Samsung's renegade evidence gush has left Apple terrified that its South Korean court rival will spill sensitive sales summaries and buyer surveys, it's been revealed, ahead of their use in cross-examining marketing exec Philip Schiller later today. The Cupertino firm has demanded that Judge Lucy Koh ensure that the documents - which could cause "severe harm to Apple" if disclosed - be sealed, having been given last-minute notification that they were to be used in today's hearing.
"Without further action, these highly confidential exhibits will be publicly disclosed causing severe harm to Apple" the company's legal team wrote to the judge, CNET reports, going on to claim that there was "document-by-document showing of good cause and compelling reasons for sealing" the sales stats and survey results. Moreover, Apple has accused Samsung of sneaky business by only revealing that the exhibits would be used hours in advance.
The documents supposedly include sales data broken down for the iPhone, iPad and iPod touch, in addition to Q2 2011 tracking studies and 2011 buyer surveys. Of the mixture, the sales data is apparently what Apple is most concerned about.
Having been so keen not to call for a mistrial following Samsung's unofficial evidence release to the press, claiming it would be disrespectful to the court and jury, and wasteful of time and resources, Apple is now saying it must have a delay if Judge Koh permits Samsung to use the confidential data.
Although the company said only the other day that as it "has invested enormous time and resources in expeditiously preparing the case for trial, a jury has been seated, and the evidence has begun ... [the] case should proceed on the current schedule, to bring closure to Apple’s claims and Samsung’s counterclaims," it now wants a five-day stay. That would allow the company to "seek relief" should Samsung's lawyers be allowed to use the data as part of its cross-examination.

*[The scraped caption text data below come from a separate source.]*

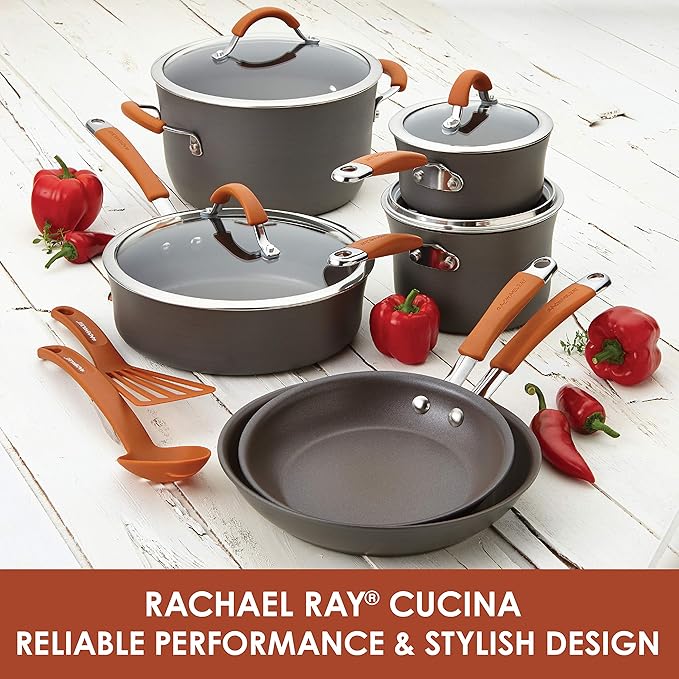 Rachael Ray Cucina Dishwasher Safe Hard Anodized Nonstick Cookware Pots and Pans Set, 12 Piece, Gray with Orange Handles & Cucina Nonstick Bakeware Set, 10 Piece, Latte Brown with Cranberry Red Grips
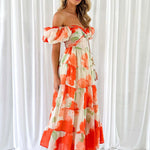 Isla | Robe longue à imprimé avec découpe à la taille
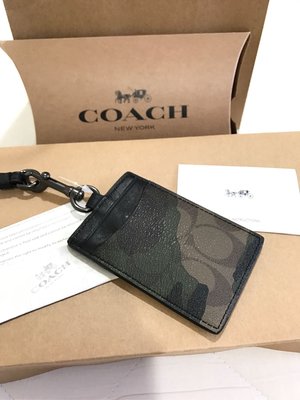 COACH coach 新色 全皮革識別證套 迷彩色 全新正品 現貨在台 含原廠紙盒 紙袋ㄧ個 附收據 保證正品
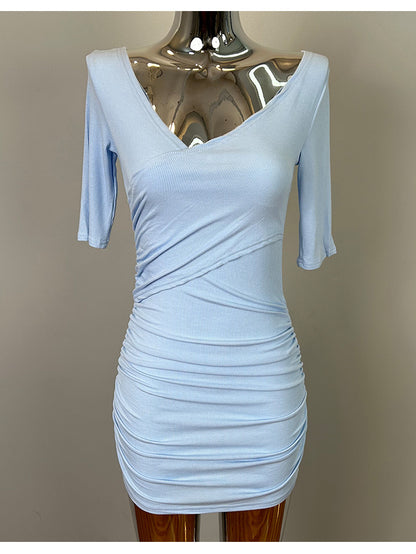 South Korea Dongdaemun New Sexy Feminine V-Neck Pleated Bag Hip Mid-Sleeve dress Figure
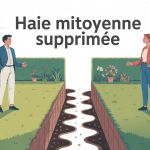 mon voisin a enlevé la haie mitoyenne illustration litige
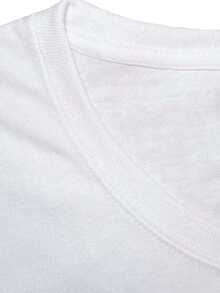 Women's Pure Cotton Hibiscus Aloha T-Shirt, Relaxed Fit, Summer Tops - White - View 3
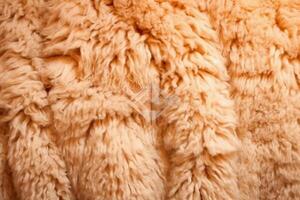 très péri Orange Couleur mouton fourrure peau de mouton couverture Contexte la laine texture. ai génératif photo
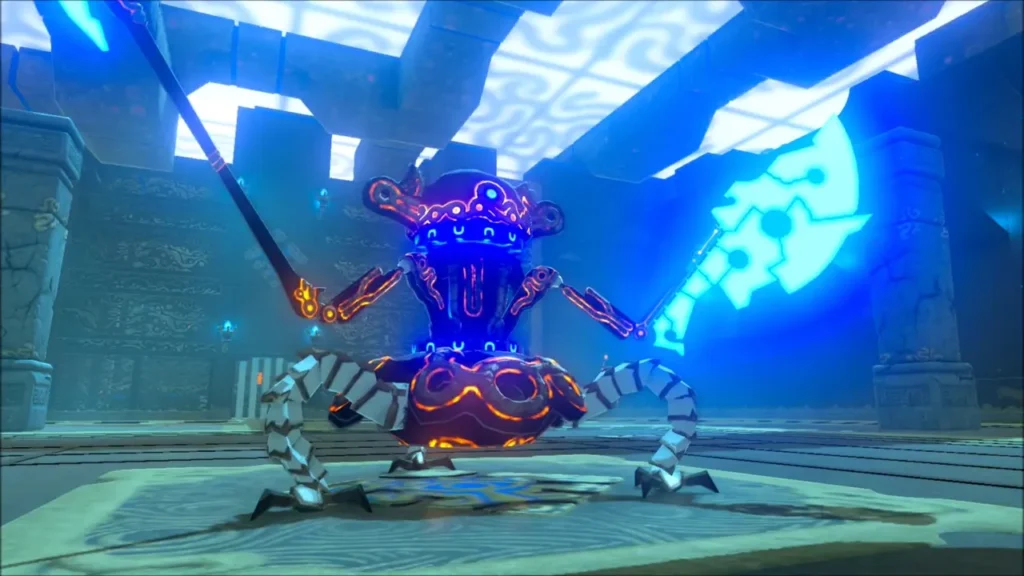 A Guardian Scout raising its spear and glowing axe in a blue arena A Guardian Scout raising its spear and glowing axe in a blue arena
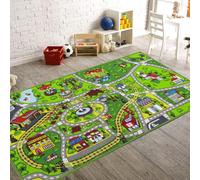 Booooom Jackson Tappeto per Macchinine con Stradale 80x150cm,Tappeto Bambini Gioco con Retro Antiscivolo,Tappeti Cameretta,Tappeti di Zona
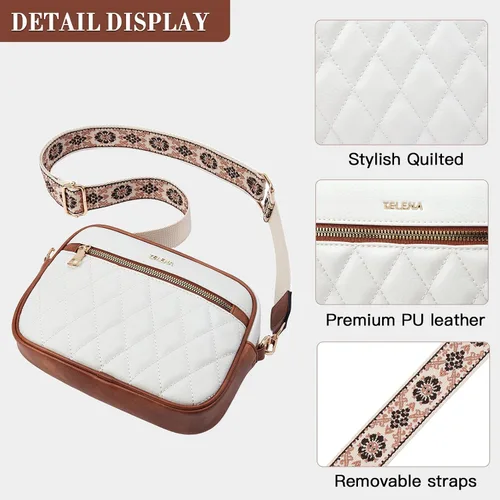 Vista 7 de Telena Crossbody bags for Women Trendy Quilted Crossbody Bag Faux Leather Purse with Wide Strap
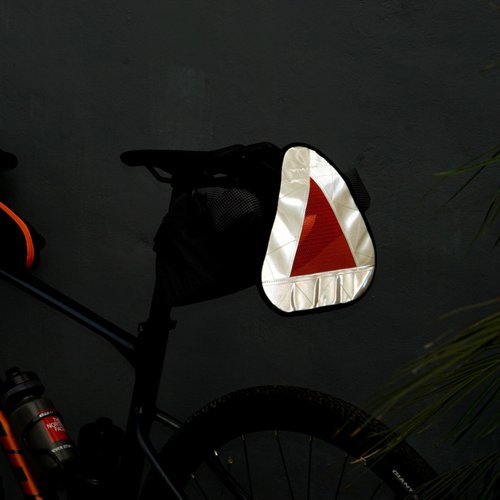 Vincita Reflective Yield Symbol with Velcro Strap - High Visibility for Safety at Night - Safety Reflector for Bike Rack, Backpack, Car Rack - Bicycle Reflective Accessories (White/Black, Large)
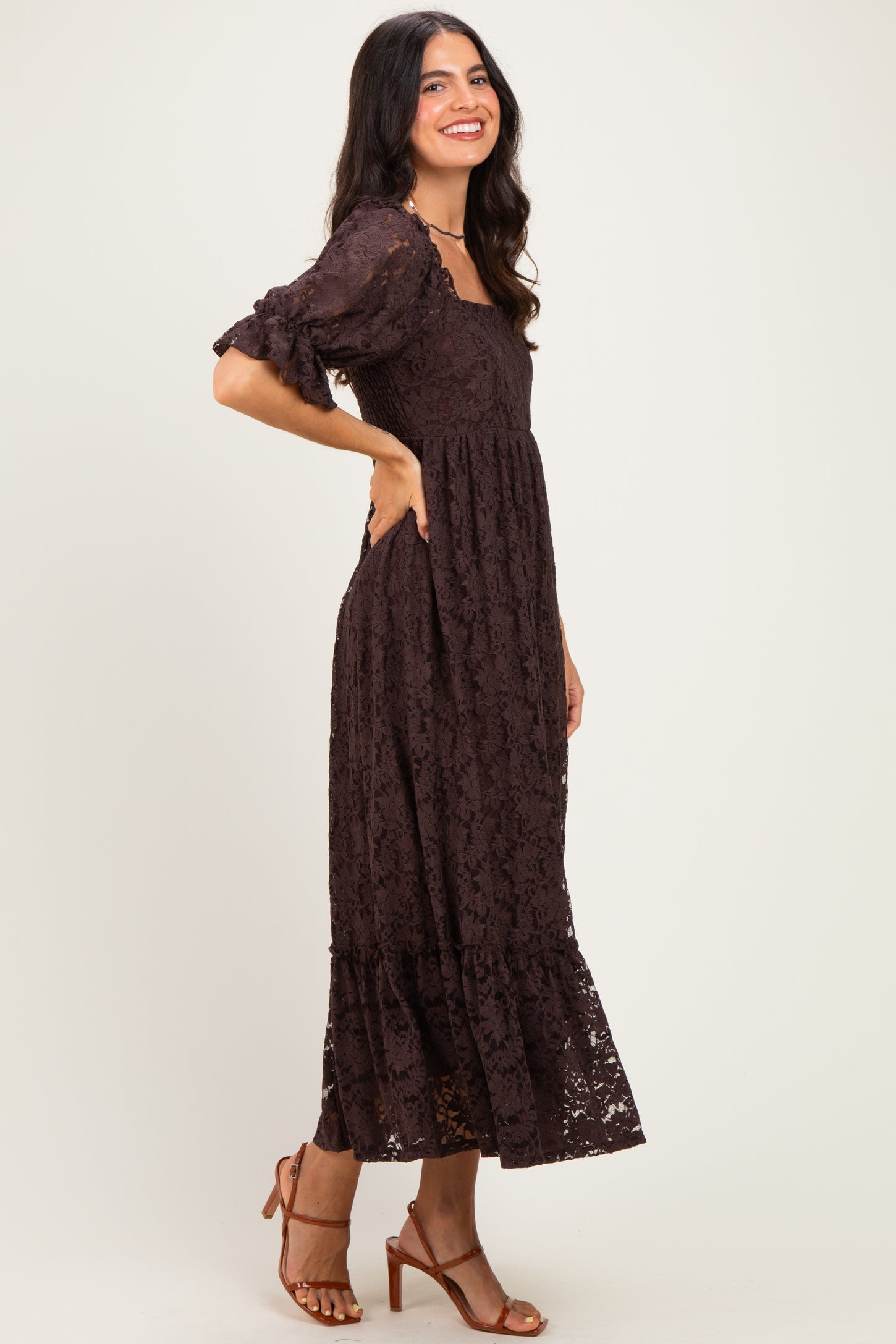 Brown Lace Square Neck Maxi Dress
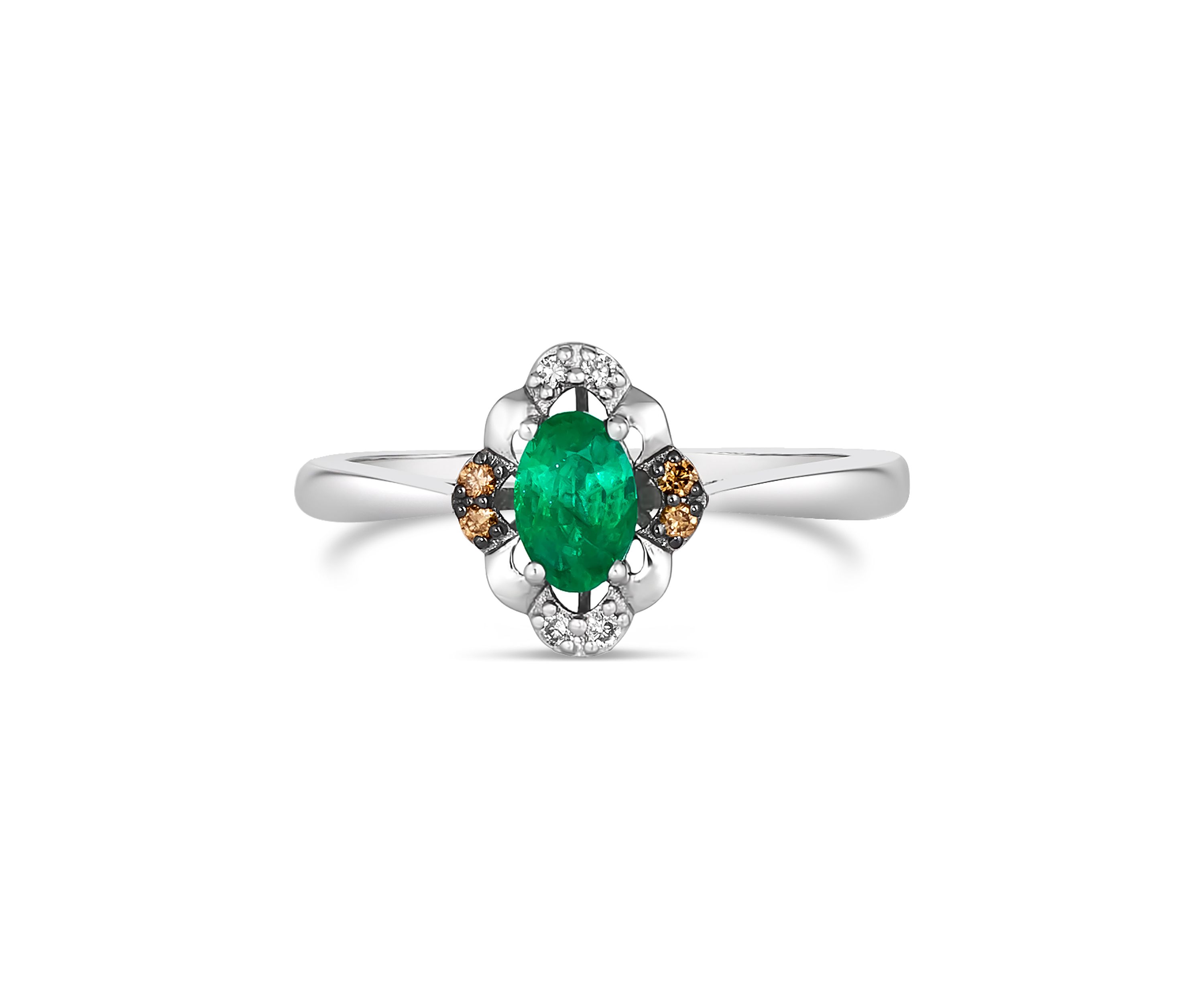  Ring featuring 3/8 ct. t.w. Emerald, 1/20 ct. t.w. Chocolate Diamonds®, Nude Diamonds™ in 14K Vanilla Gold®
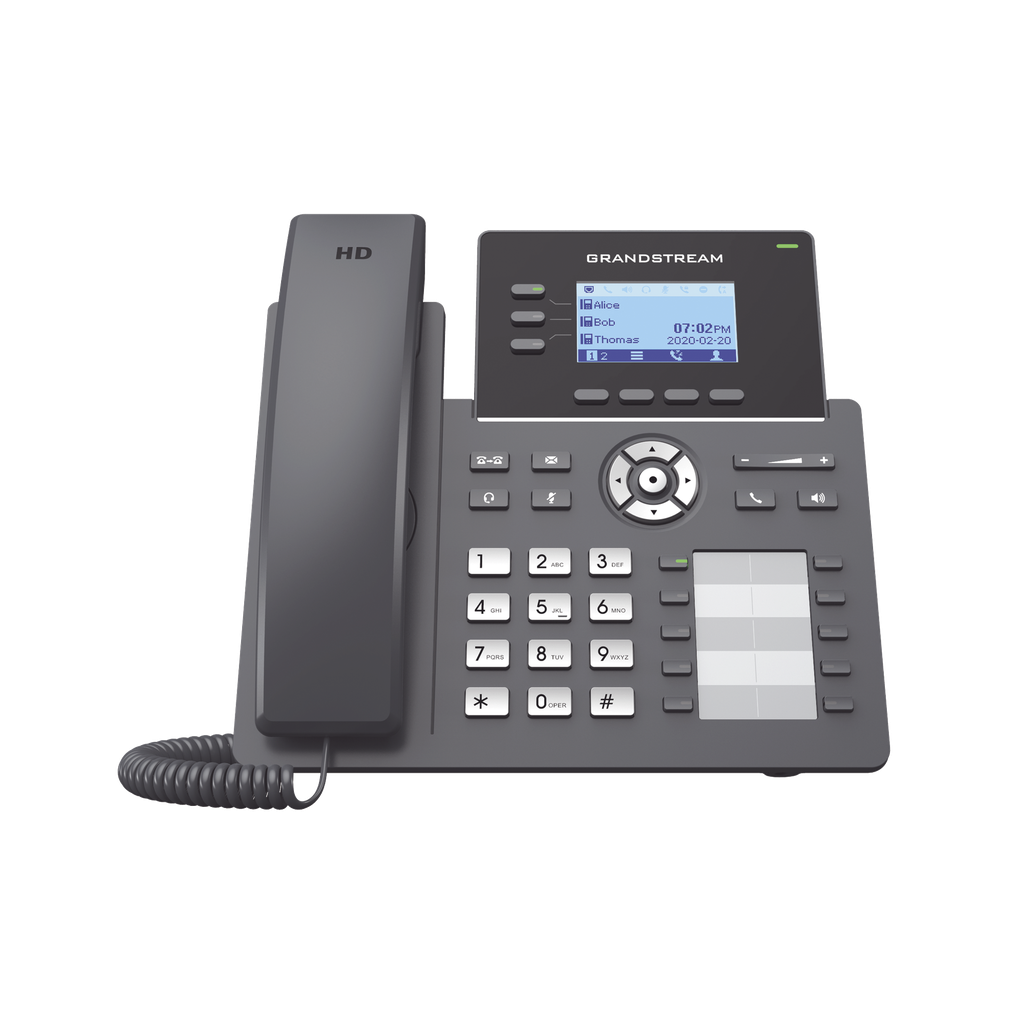 [GRP2604P] Teléfono IP Grado Operador, 3 líneas SIP con 6 cuentas, 10 botones BLF, puertos Gigabit PoE, codec Opus, IPV4/IPV6 con gestión en la nube GDMS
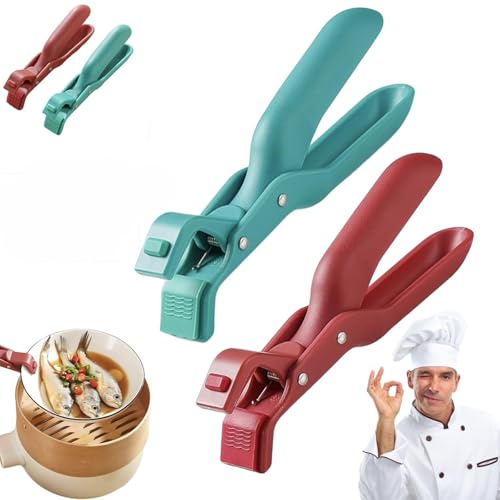 Set de 2 Pinzas Antiquemaduras Multiusos, Pinzas para Freidora de Aire y Horno, Clip Antideslizante de Silicona Resistente al Calor, Pinza para Platos y Cuencos Calientes, para Cocina y Microondas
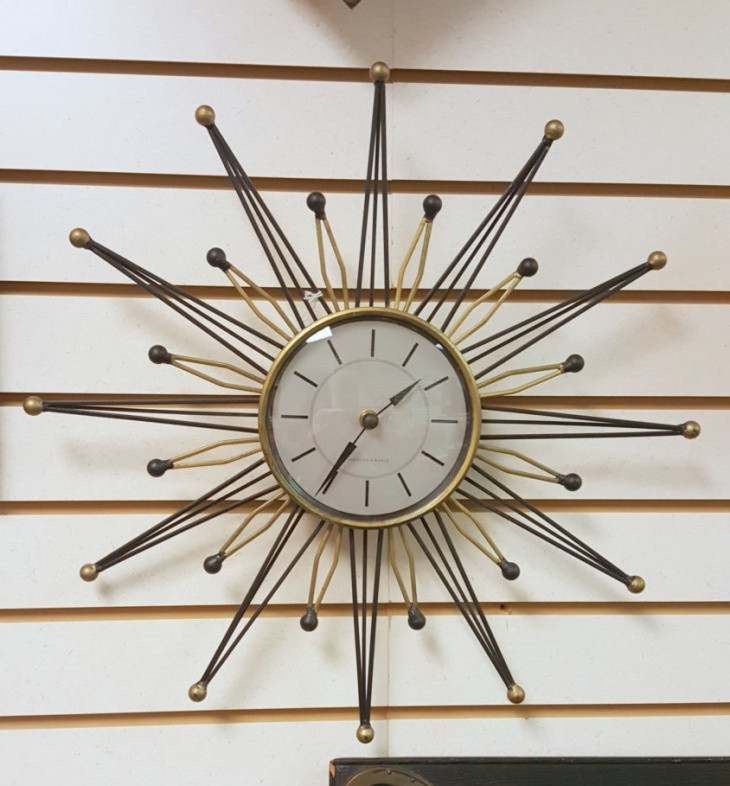 retro sunburst wall clock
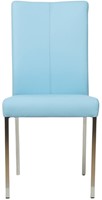Leren eetkamerstoel Comfort - Toledo Leer Sky Blue - Vierkant - RVS-2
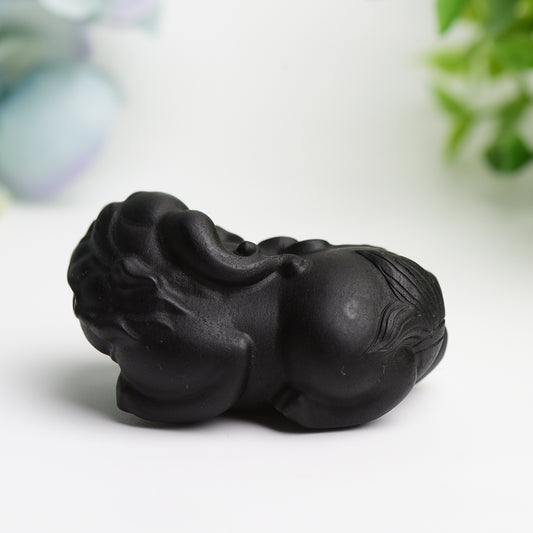2.4" Black Obsidian Pixiu Crystal Carving Crystal Healing Bulk Wholesale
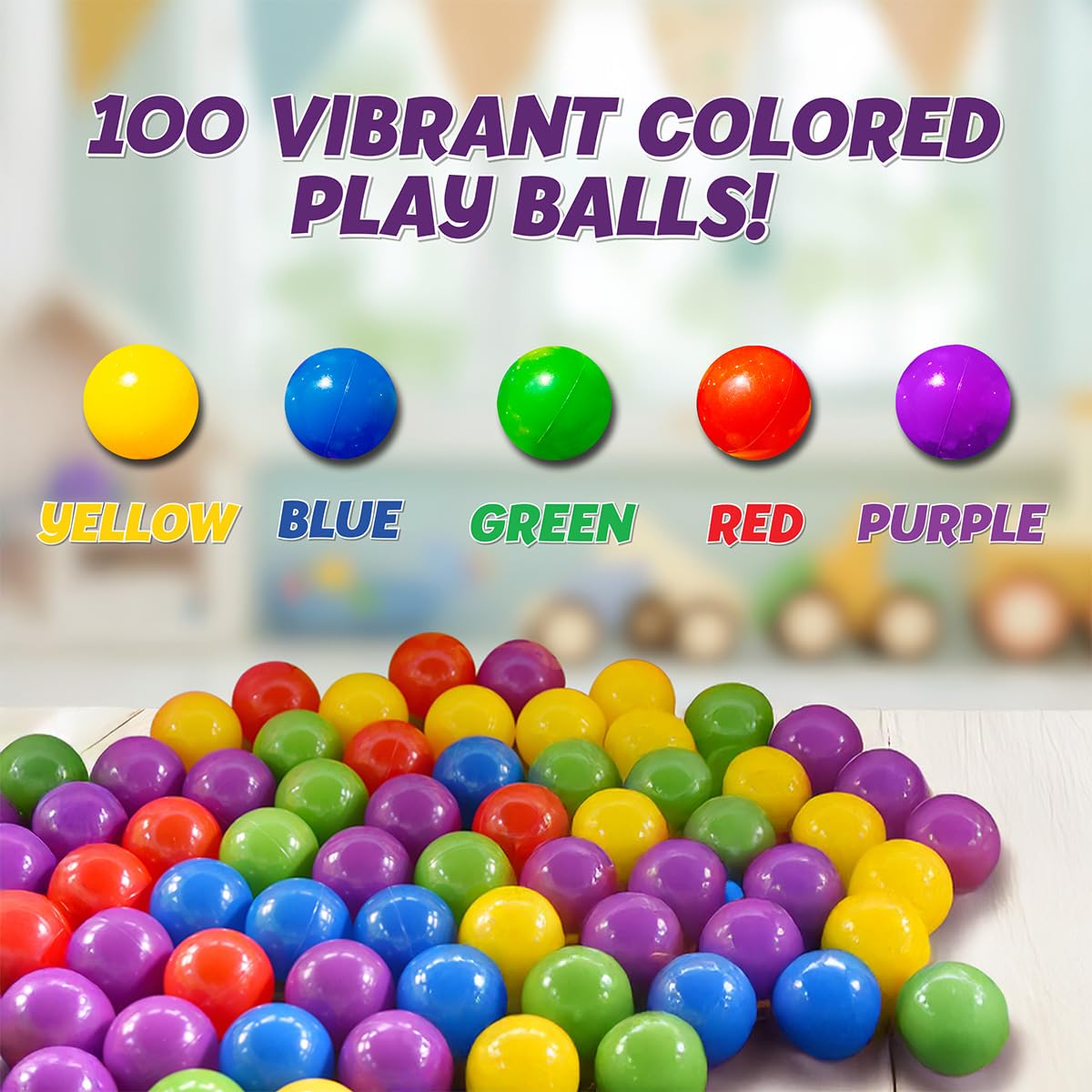 100 Count Multi Colored Play Balls - BPA Free, Crush Proof, Storage Bag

It's not the first time details Apple might have liked to have kept private have been publicized as a result of the trial. The company has been forced to wheel out multiple design studies and concepts, such as an early 2005 iPhone idea, in order to bat away suggestions that the aesthetic of its smartphone and tablet range was a general style language the industry as a whole was drifting toward.
Philip Schiller will take the stand in the San Jose court this morning, as well as senior VP of iOS software Scott Forstall.